Windsor council defers decision on Matchette, Malden Road closures
Published Monday, August 26, 2019 10:37PM EDT Last Updated Monday, August 26, 2019 10:44PM EDT
Windsor City Hall will need a few weeks to gather information about the prospect of closing roads near the Ojibway Prairie Complex to reduce the amount of roadkill.
Council was considering the temporary closure of stretches of both Matchette Road and Malden Road during peak reptilian migration season, which runs from Sept. 1 until Oct. 27.
According to the Ojibway Nature Centre, nearly 1,243 dead snakes have been found between 2015 and 2018 on are roadways and 72 per cent of those were found on Matchette and Malden.
But council chose to defer the decision until the next regular meeting, instead looking for the impacts of just closing a section of Malden Road between Armanda Street and Todd Lane. Coun. Chris Holt – who put the motion forward – says the roads would still be open to local traffic.
“I think we understand closing both Matchette and Malden is just, nobody is going for it, and it’s dead in the water. So let’s pull back a bit, let’s work together, and let’s ask for one,” coun. Holt said after the meeting.
“I feel that this council needs to do something. We’ve got an ecological gem here, and it’s just a matter of protecting it,” says Holt. “We will close main arteries for three months at a time and basically all we’re asking for is to consider closing a section of Malden to traffic for six weeks. So I don’t think it’s an unreasonable ask.”
But coun. Fred Francis says closing only one road isn’t likely to make a difference.
“Those vehicles have to go down somewhere so if you close down Malden, odds are you’re going to have more people going down Matchette which puts species at risk at even greater harm,” Francis says, noting if the city closed Malden Road – even temporarily – it would also have a major effect on existing home and business owners.

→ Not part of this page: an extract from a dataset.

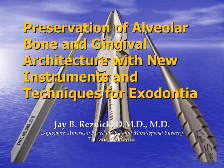In this video, we're going to learn how some new extraction instruments designed by Karl Schumacher Instruments allow for the atraumatic extraction of teeth with the preservation of alveolar bone and gingival architecture.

“Unless council is going to be prepared to expropriate, unless council’s going to be prepared to potentially pay out the businesses and lost business,” Ward coun. Fred Francis warns.
Adding another wrinkle into the fray, The Coco Group sent a letter to the city solicitor Monday, restating their objection to any road closures. Coco went through an extensive application and won an OMB hearing for the right to develop lands along the Matchette Road and Sprucewood corridor, right next to Ojibway Park.
“Coco has followed all the rules in accordance with council and city administration and we have always acted in good faith, conducted all the reports requested of us necessary to finalize our application – including receiving an Endangered Species Act Permit from the Ministry of Natural Resources and Forestry, which takes into account road improvements,” states the letter, penned by Anthony Rossi, the director of land development and government relations for Coco Group.
“We wish to continue working in good faith with city council. However, and understandably so, any decision that negatively impacts our sites will result in the matter being resolved with our legal counsel’s involvement,” Rossi writes.
Nancy Pancheshan of the group “Friends of Save Ojibway” believes new information has surfaced since the OMB hearing regarding the species at risk within the Ojibway Prairie Reserve and the situation is more dire today than it was at the time of the OMB hearings.
“They’re threatening a lawsuit to the city and it’s kind of poppycock that a company can think that they can bully and prevent the protection of endangered species,” counters Pancheshan.
But Windsor’s mayor says closing Matchette could expose the city to lengthy and costly litigation.
“The whole goal is to try to get to a position where you protect the wildlife in Ojibway that we think is so important without putting the Corporation of the City of Windsor and their taxpayers at great risk,” Drew Dilkens says, adding it will also cause frustration for residents of both Windsor and LaSalle.
Pancheshan says closing the roads would be a minor inconvenience, considering taking no action could wipe out a number of endangered species.
"A two to three minute delay is better than extinction and it's kind of the difference between right and wrong -- and having a caring, vibrant community," Pancheshan says.